Je me rappelle surtout les dimanches. Nous l'accompagnions jusqu'au terminus du TER et on se baladait en forêt. Le train, c'était à la fois la liberté, l'aventure et les vacances ! "Alertée en 2001 par son père de l'ouverture d'un poste à l'école de contrôleurs, la jeune femme n'hésite pas et rejoint la société ferroviaire.
" Longtemps, pour mes collègues, j'étais avant tout la fille à Denis. Et comme il était sympa, j'étais plutôt bien aimée ", complète-t-elle. Désormais, elle travaille dans les bureaux administratifs à Strasbourg.
Son petit frère Gilles se souvient
" avoir sifflé, à Lauterbourg, le départ d'un train, casquette sur la tête ". En 2005, électricien chez Cuisines Schmidt, il candidate pour la SNCF.

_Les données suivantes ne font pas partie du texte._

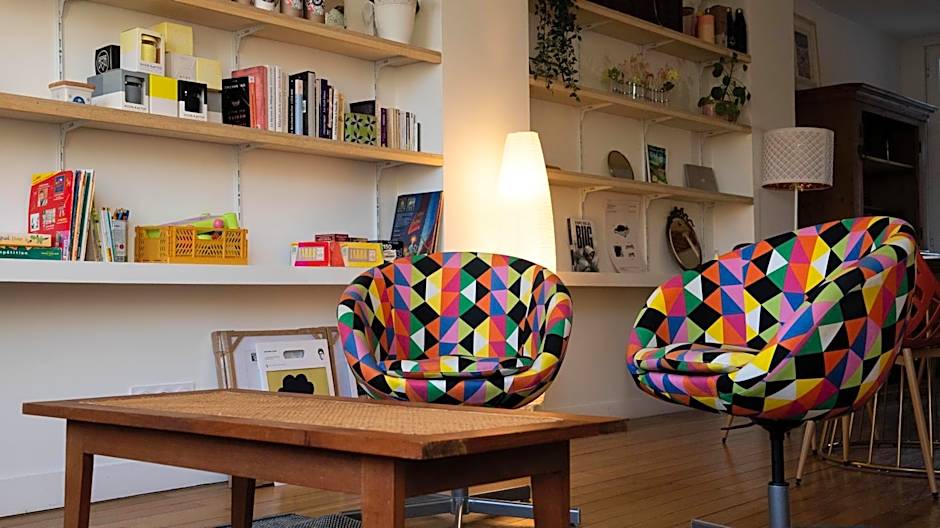 Chambres au coeur du quartier historique - Maison Alternativi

" Je n'ai rien dit à ma famille et j'ai été pris au technocentre, alors que je rêvais déjà de faire autre chose. La douche froide a été ma première paie : 1 040 euros, deux fois moins qu'avant, pour un travail aussi difficile. "
Il songe à démissionner.
" Mais je me suis accroché et j'ai finalement pu évoluer vers des fonctions commerciales. En contrepartie de ma paie, j'avais la garantie de l'emploi et un départ à la retraite à partir de 57 ans. Avec la suppression du statut, je me demande comment la SNCF va réussir à convaincre des gens de nous rejoindre… "Et puis, ajoute-t-il, peiné :
" J'ai beau être fier d'être à la SNCF, quand on m'interroge sur mon emploi, je réponds désormais que je bosse dans les transports, sans spécifier. " La fin d'un monde.